A Chinese blanc-de-chine reclining figure of Zhongli Quan. Late Ming dynasty
The reclining figure depicted is Zhongli Quan, the first of the Daoist Eight Immortals, on a wood stand.
- Country:
- China (Dehua)
- Period :
- Late Ming dynasty (1368-1644), ca. 1630
- Material:
- Porcelain
- Dimension:
- 3.14 in. (8 cm)
- Reference :
- E063
- Status:
- sold
Provenance
From the collection of C.M. Franzero ((1892-1986)
Bluett & Sons Ltd, From the Collection of Dr. C.M. Franzero, London, 1974, no. 64
Related works
An identical figure, from the collection of Frank and Pamela Hickley is in the collections of the Asian Civilisations Museum of Singapour (inventory number 2000-03431-004).
Notice
He typically holds a fan, although here he is depicted without one. He is the master of Lü Dongbin, another of the Eight Immortals. Zhongli Quan, also known as Han Zhongli or Jidao, is a Chinese mythological character and one of the Eight Immortals. Zhongli Quan was believed to have been born in Yanjing during the Han Dynasty. He was destined for greatness from the day he was born by showing features such as a broad forehead, thick ears, long eyebrows, deep eyes, red nose, square mouth, high cheeks, and scarlet lips.

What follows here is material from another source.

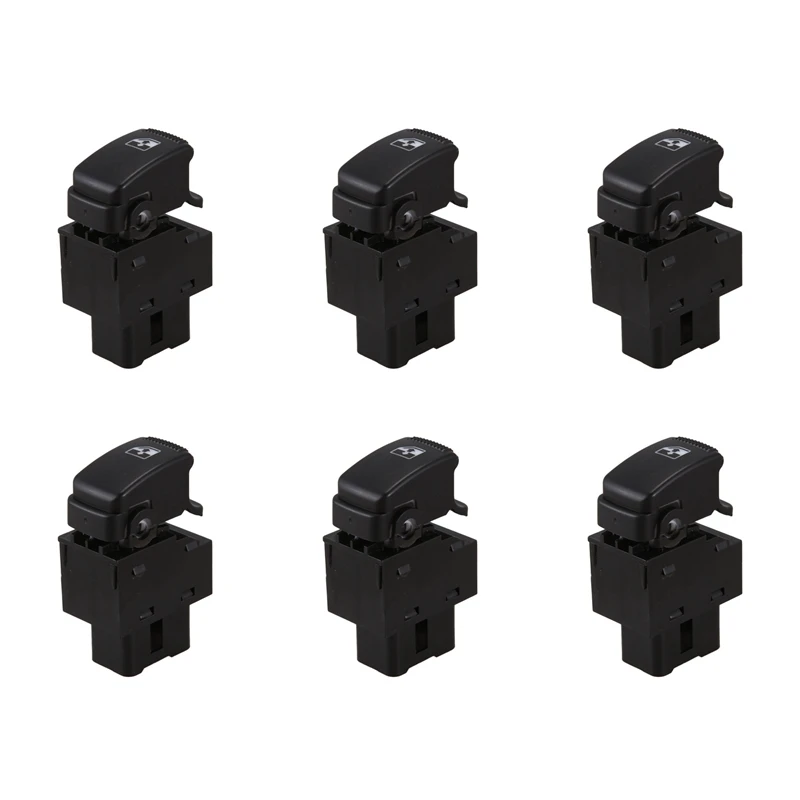 6X новый одиночный переключатель стеклоподъемника подходящий для Hyundai Getz 93580-1C000WK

Stories depict that either seven days or seven years later, he began to speak, and the first sentence he uttered was, “my feet have wan- dered in the purple palace of the [immortals], my name is recorded in the capital of the jade emperor.”He followed in his father’s footsteps and became a member of the imperial court, becoming a general in the Han army. He fought and was defeated by the Tibetans, therefore having him to flee into the mountains, where he came across an old man in a spiritual sanctuary. From there he learned the ways of alchemy and immortality. With his knowledge of alchemy, wielding a magic fan, he began turning stones into silver and gold coins and in doing saved people from famine and poverty. There are two stories that depict how he became one of the immortals. In the first, it was in his continuous use of the immortal powers and his magical fan that eventually caused his descent into the shimme- ring cloud of the immortals. In the second, he was meditating near a wall of his hermitage when all of a sudden it collapsed. Behind the wall was a jade vessel that took him as an immortal to the shimmering cloud.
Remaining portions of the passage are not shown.